**ACTIVITY:** Make an exact copy of every entry, leaving the pictures out.

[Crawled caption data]
- Opening Delimiter -

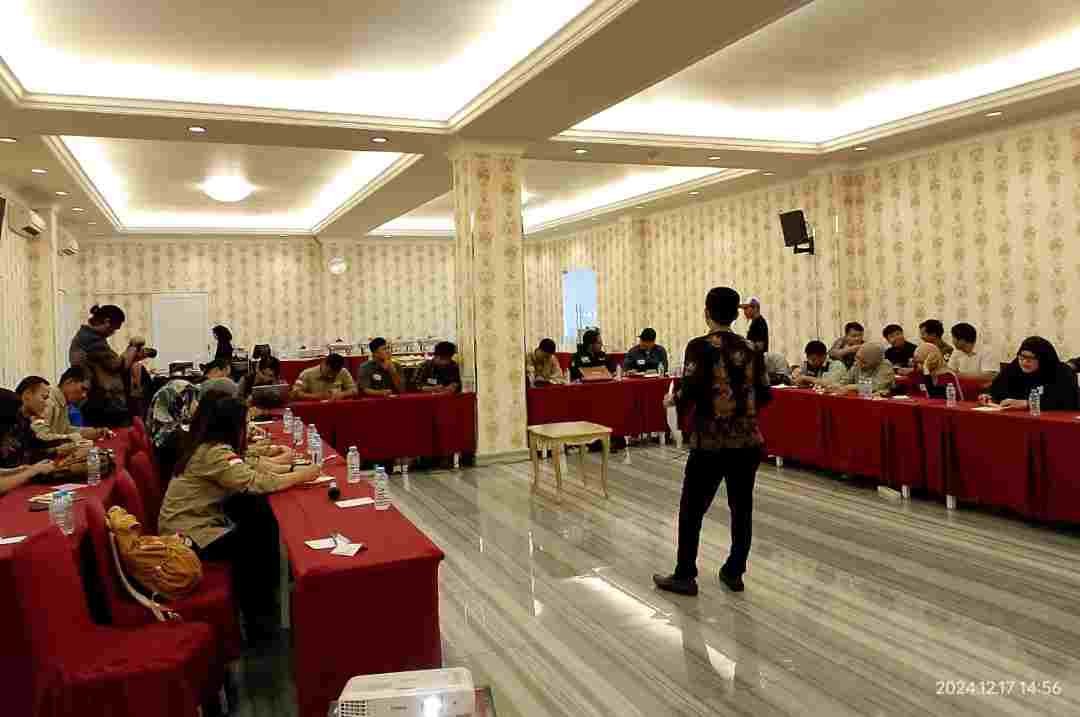 Update Pengetahuan, Fasdes dan Petugas Kehutanan Berlatih Keterampilan Komunikasi dan Fasilitasi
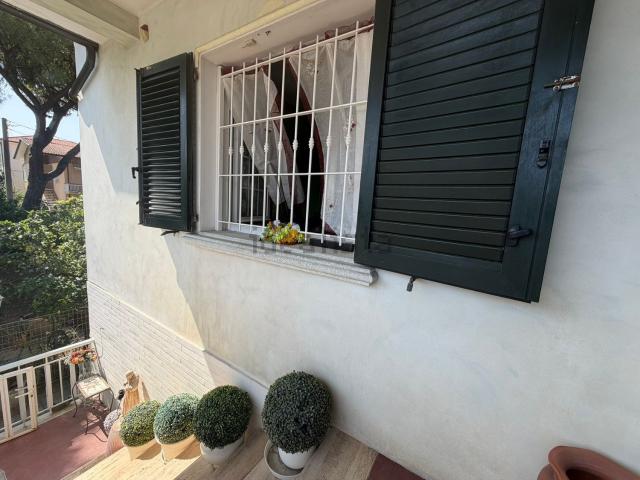 Villetta indipendente in vendita di 260 m² in Viale Bologna
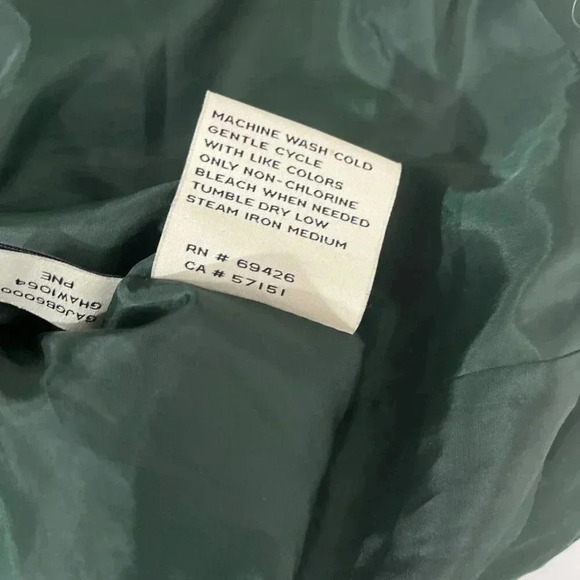 GH Bass Quilted Vest Womens M Snap Button Insulated Lightweight Puffer Packable - Picture 7 of 7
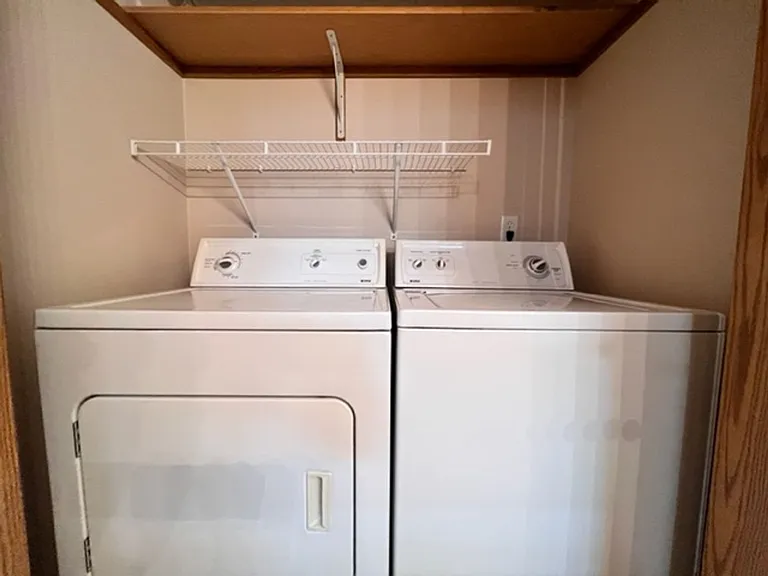 1927 E Wilson Ln — Photo 18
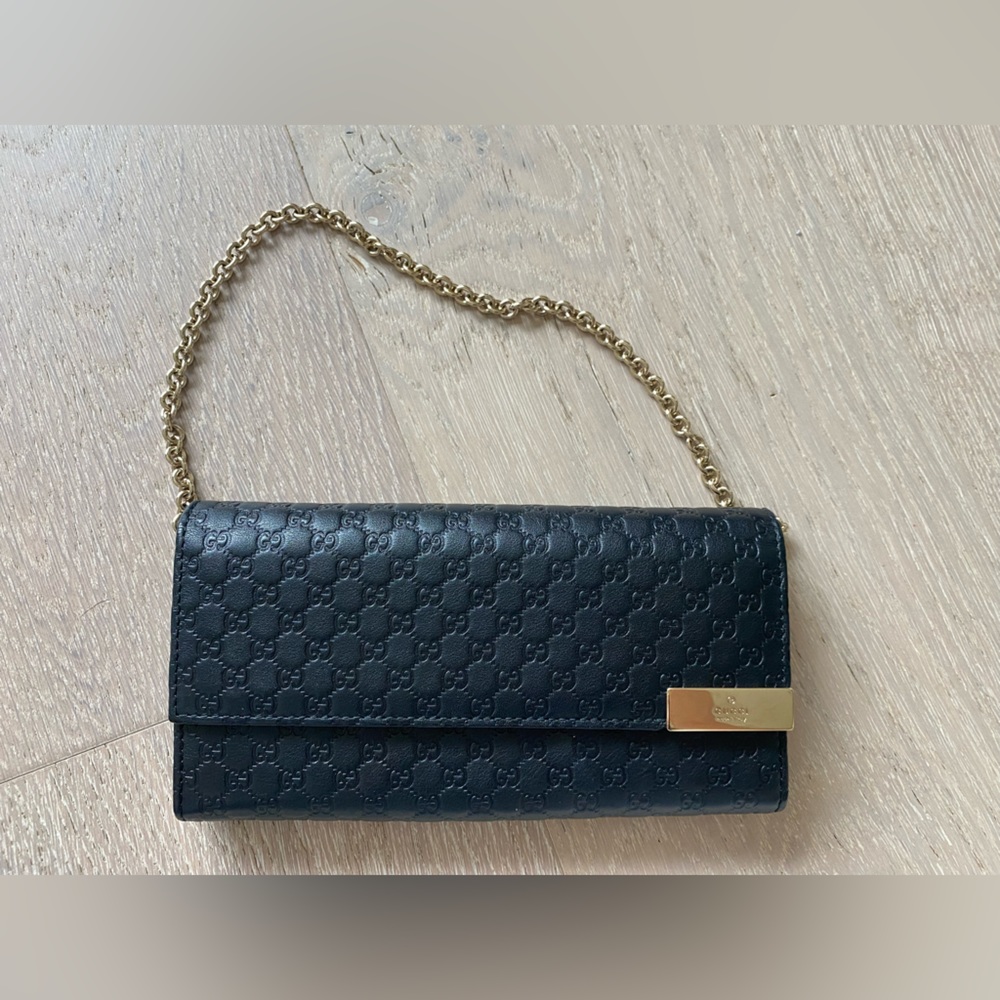 GUCCI signature monogram classic black wallet on chain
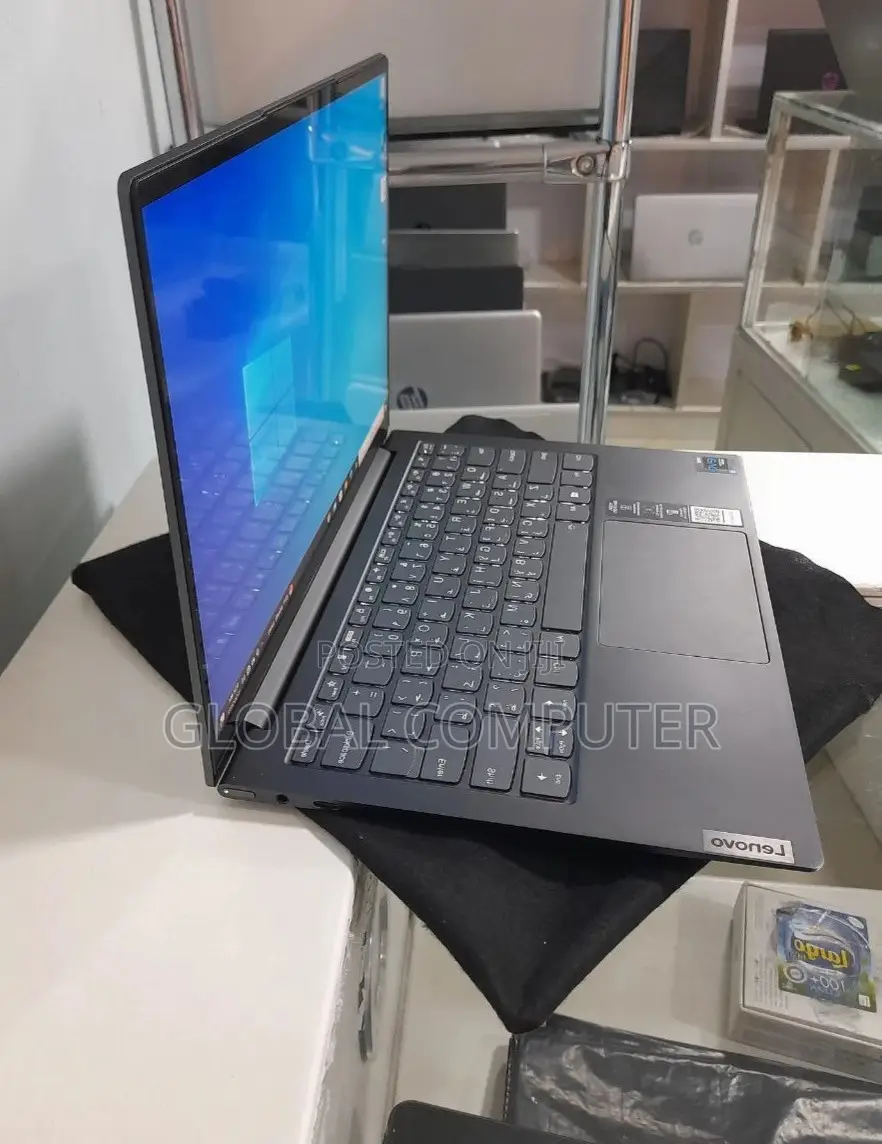 New Laptop Lenovo Lrgion 7i 8GB Intel Core I7 SSD 512GB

- Closing Delimiter -

**RESPONSE TO THIS EXERCISE:**
 Update Pengetahuan, Fasdes dan Petugas Kehutanan Berlatih Keterampilan Komunikasi dan Fasilitasi
 Villetta indipendente in vendita di 260 m² in Viale Bologna
 GH Bass Quilted Vest Womens M Snap Button Insulated Lightweight Puffer Packable - Picture 7 of 7
 1927 E Wilson Ln — Photo 18
 GUCCI signature monogram classic black wallet on chain
 New Laptop Lenovo Lrgion 7i 8GB Intel Core I7 SSD 512GB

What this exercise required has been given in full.